BarretZoph commented 4 years ago

Yes it does work on COCO. What bugs did you find in autoaugment_utils.py?

  1. When it does bbox only flip / shear / translate, if a bbox has box in it, it will cause the smaller bboxes mismatch with correspoinding objects.
  2. if a bbox is out of image range after a transform, the box will still exist in image, and it's shape is totally wrong.

Yes these two things do occur, but the performance is still good on COCO. Some of these could actually potentially benefit the training by acting as a regularizer.

I have since fixed 2 and noticed that on COCO the performance on ResNet-50 improves by about 0 to 0.2 mAP depending on the augmentation policy. I am playing around with both fixes to see if the performance could be better improved still, but the performance in the paper is obtained with both of these features in it.

BarretZoph commented 4 years ago

https://github.com/tensorflow/tpu/blob/master/models/official/detection/utils/autoaugment_utils.py#L686

@BarretZoph @aman2930 @saberkun I think I've found another bug for Learning Data Augmentation Strategies for Object Detection seen above link, in which an image is augmented as many time as the number of bboxes in it. Assuming we are augmenting the bboxes and images by random flipping, in this case, each bbox is flipped by a probability P, but the image will be flip many times and the probability is not equal to P.

I am not sure I understand this. There operations that are applied I.I.D to each bbox with the image.

Jacobew commented 4 years ago

Yes it does work on COCO. What bugs did you find in autoaugment_utils.py?

  1. When it does bbox only flip / shear / translate, if a bbox has box in it, it will cause the smaller bboxes mismatch with correspoinding objects.
  2. if a bbox is out of image range after a transform, the box will still exist in image, and it's shape is totally wrong.

I can't reply you the first question,. The second question's answer is that : it's not wrong , this is what augment should do .This situation has been displayed in their paper.

But in my experiments, If I do not fix these 'bugs', mAP on COCO only achieves 10.5%。after I fix these, mAP start to be resonable.

@poodarchu What AP did you get when these bugs got fixed? BTW, could you share the fixed version? Thanks.

BarretZoph commented 4 years ago

Just to clarify, with the two issues listed above, you should be able to reproduce the results in the original paper. When fixing them I found little to no mAP performance improvement on COCO.

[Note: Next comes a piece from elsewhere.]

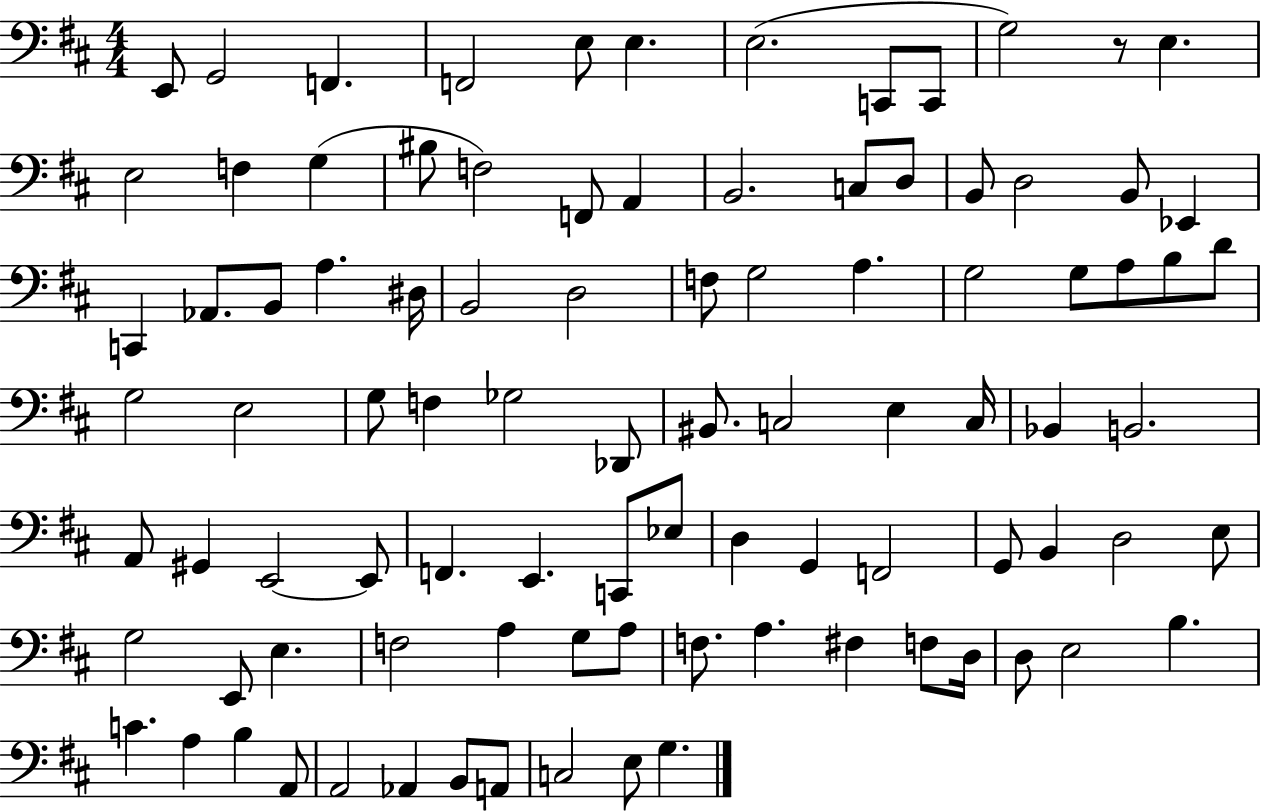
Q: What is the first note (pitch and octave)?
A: E2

Qianshaowei commented 3 years ago

When using augmentation, it triggers https://github.com/tensorflow/tpu/blob/master/models/official/detection/utils/autoaugment_utils.py#L15

Yaml config is https://github.com/tensorflow/tpu/blob/master/models/official/detection/configs/yaml/retinanet_autoaugment.yaml

Excuse me, where is the code of the RNN controller?

noreenanwar commented 1 year ago

This method works for small objects?